[Libclc-dev] [PATCH 1/3] Introduce per device defines

Jan Vesely jan.vesely at rutgers.edu
Fri May 22 13:42:27 PDT 2015


On Fri, 2015-05-22 at 21:20 +0100, Jeroen Ketema wrote:
> > On 21 May 2015, at 16:03, Jan Vesely <jan.vesely at rutgers.edu> wrote:
> > 
> > On Tue, 2015-04-14 at 17:35 -0700, Tom Stellard wrote:
> >> On Tue, Apr 14, 2015 at 06:28:02PM -0400, Jan Vesely wrote:
> >>> On Mon, 2015-04-13 at 08:23 -0700, Tom Stellard wrote:
> >>>> On Sun, Apr 12, 2015 at 06:46:52PM -0400, Jan Vesely wrote:
> >>>>> Make cl_khr_fp64 define per-device.
> >>>>> This patch does not change the generated Makefile
> >>>>> 
> >>>>> Signed-off-by: Jan Vesely <jan.vesely at rutgers.edu>
> >>>>> ---
> >>>>> I've tried to find a way to make libclc more device specific.
> >>>>> This series handles fp64, but I plan to extend it to other defines like
> >>>>> __CLC_HAVE_FMA, or (with Tom's recent patches) __CLC_HAVE_LDEXP.
> >>>>> 
> >>>>> Alternatives I could think of was to try to get the information from clang,
> >>>>> but I don't think it should provide that kind of low level information.
> >>>>> Or add r600 support to librt.
> >>>>> 
> >>>> 
> >>>> Clang is already defining cl_khr_fp64 for SI+ devices.  I think these other
> >>>> define belong in clang too.  Clang's X86 front-end defines a __FMA__ macro,
> >>>> plus macros for other instructions, so I think we should follow the same
> >>>> convention for r600/si.
> >>> 
> >>> I found the clang target definitions.

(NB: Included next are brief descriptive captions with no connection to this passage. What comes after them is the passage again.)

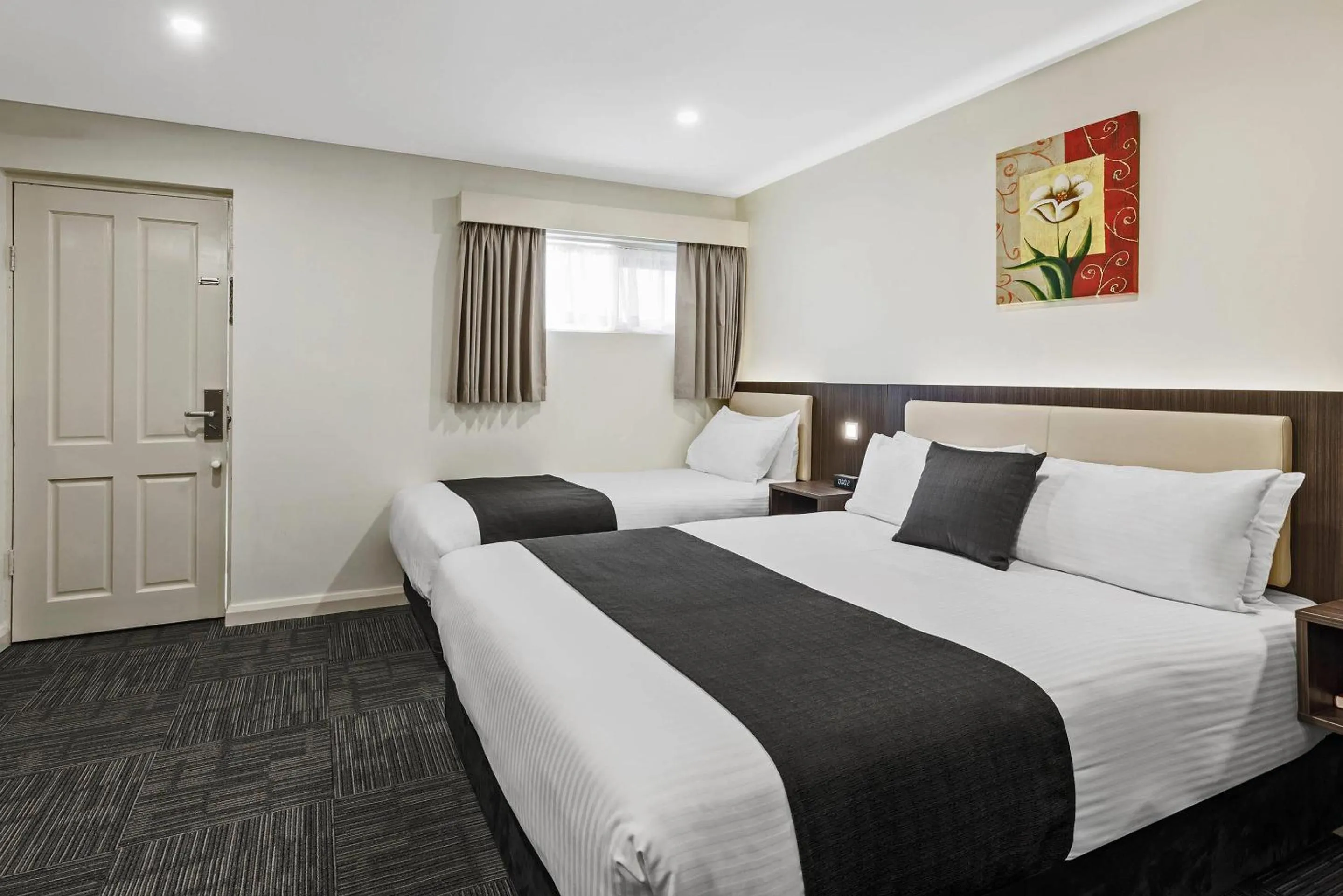 Bedroom, Bed in Quality Hotel Melbourne Airport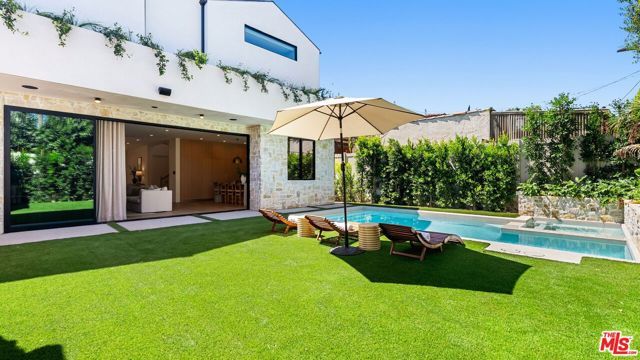 1926 Thayer Avenue, Los Angeles, CA 90025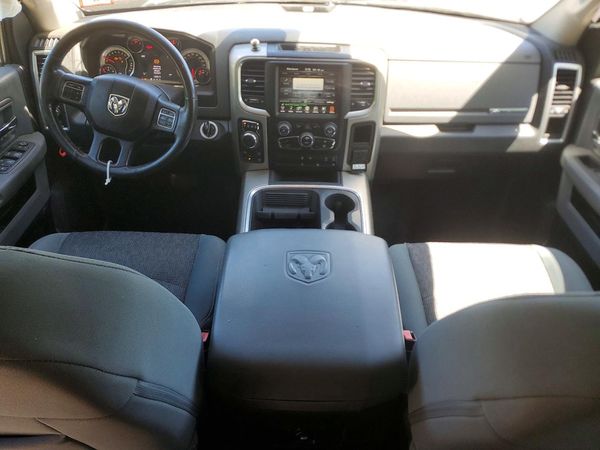 2016 RAM 1500 SLT
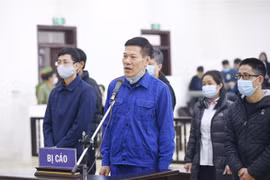Bị cáo Nguyễn Nhật Cảm (sinh năm 1963, nguyên Giám đốc CDC Hà Nội) khai báo trước Hội đồng xét xử. (Ảnh: Doãn Tấn/TTXVN)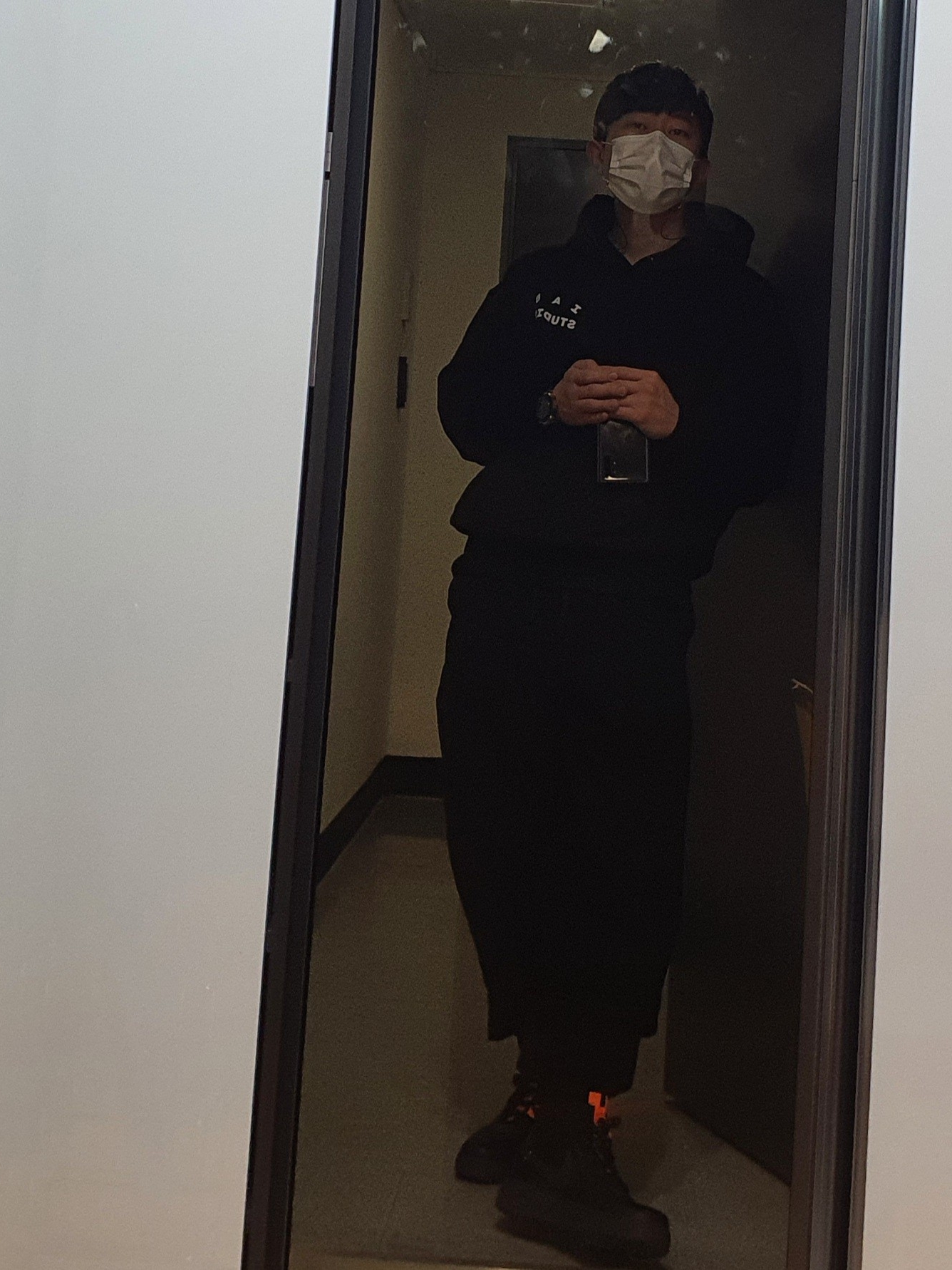 IAB Studio Woven Hoodie Black, Nike Air Force 1 Winter Gore-Tex Black 착용 스타일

It does not really solve the
> >>> problem of having the information in two different places, but I guess
> >>> clang is a better place than libclc. I've prepared a patch to get it
> >>> working on all asics.
> >>> Do we want this solution for NVPTX/until 3.7 is released?
> >>> so the process would be to add a desired define to libclc/configure, and
> >>> clang, and remove it from configure when the respective clang version
> >>> gets released?
> >>> 
> >>> jan
> >>> 
> >> 
> >> I would leave NVPTX as is and let people who work on it make the
> >> decision about what to do.
> >> 
> >> In general, I think we can remove defines from libclc ToT that exit
> >> in clang ToT.
> > 
> > should I go ahead with 1/3, and adapt 2/3 to remove cl_khr_fp64 for all
> > amd targets, now that clang provides the define?
> > what about EdB's effort to maintain 3.6 compatibility?
> 
> To what extent do the recent patches depend on changes in clang/llvm
> (besides the cl_khr_fp64 change you mention above)? If there are quite
> a few of these, then it doesn’t seem worth keeping 3.6 compatibility, and
> I would be in favour of creating a release_36 branch for the last known
> good version for llvm 3.6; just as we did for llvm 3.5.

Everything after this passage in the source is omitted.